Canadian machine learning company, Algolux, has won the ‘Most exciting startup’ award at the AutoSens show in Brussels on 20 September.
Algolux develops machine learning algorithms for vision systems, including those used in autonomous vehicles.
Speaking to the AutoSens conference organisers before the event, Felix Heide, CTO and co-founder of Algolux, said that both imaging and perception need to be much more robust for autonomous driving, and camera-based systems are central to that. He noted that there are up to eight cameras in today’s most advanced vehicles, and this will grow to more than a dozen per vehicle in the near future.
One problem is how these systems are built and tuned. ‘Current pipeline approaches propagate errors from each stage to the next, and the stages are tuned independently and subjectively. So, even the most advanced computer vision stacks perform poorly under difficult imaging scenarios, otherwise known as the real world,’ Heide said.
‘I think we stood out because we’re addressing both of these major issues by developing AI to objectively train imaging and perception stacks for optimal image quality and next-generation levels of computer vision performance. This also aligns very well with the IEEE P2020 working group, which we participate on, to establish objective metrics for automotive image quality for both viewing and computer vision, and reinforces the importance of our work,’ he added.

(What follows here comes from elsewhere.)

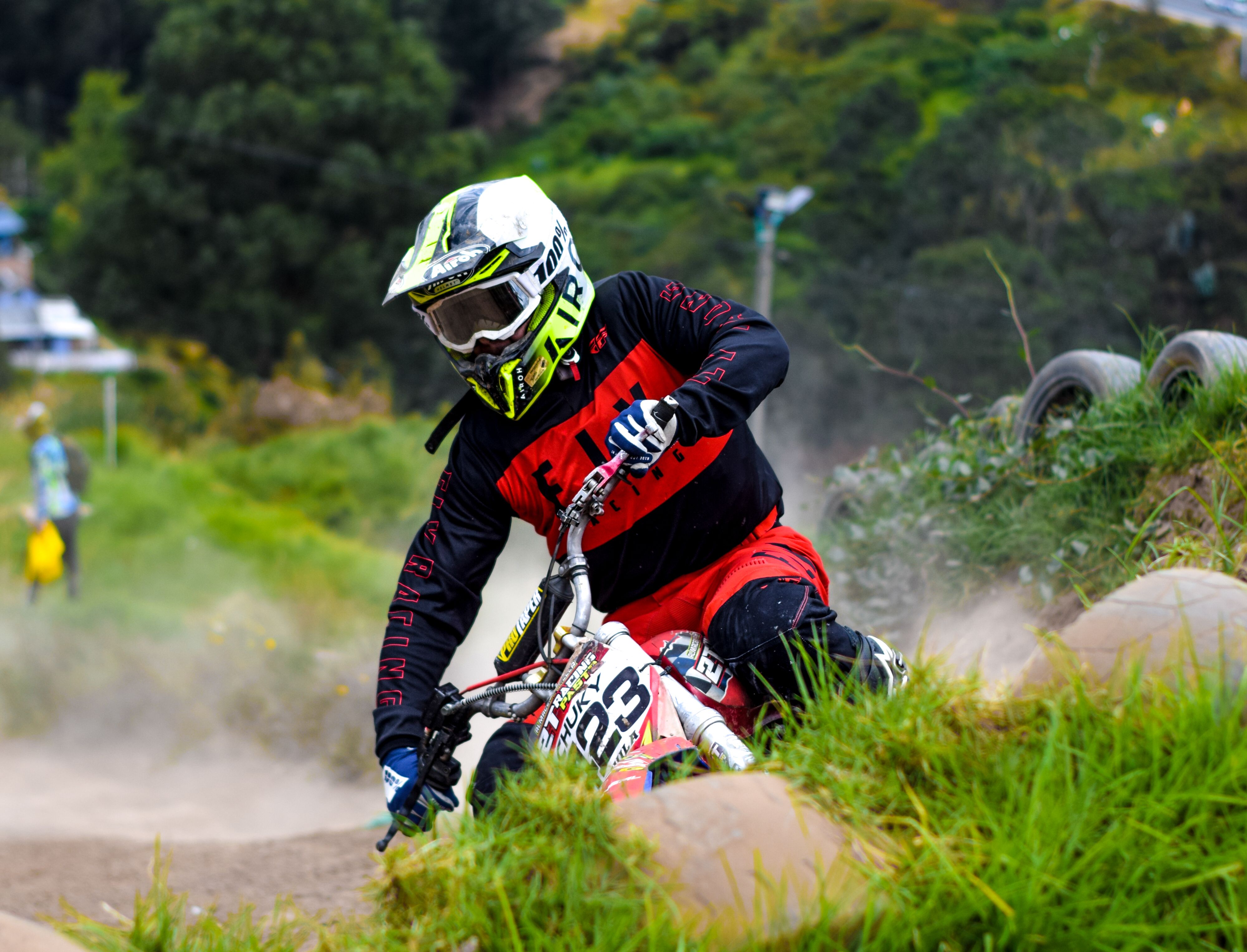 Dynamic Motocross Action in Nariño, Colombia · Free Stock Photo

The AutoSens awards were judged by an expert panel drawn from OEMs, Tier 1s and Tier 2s, industry organisations and academia.
One of Algolux’s products is Crisp-ML, which can combine large real-world computer vision training data sets with standards-based metrics and chart-driven key performance indicators to improve the performance of a vision system.
Using deep learning, the company has also developed its Camera-Aware Neural Architecture, which integrates the image formation model (optics, sensor) with the high level computer vision model.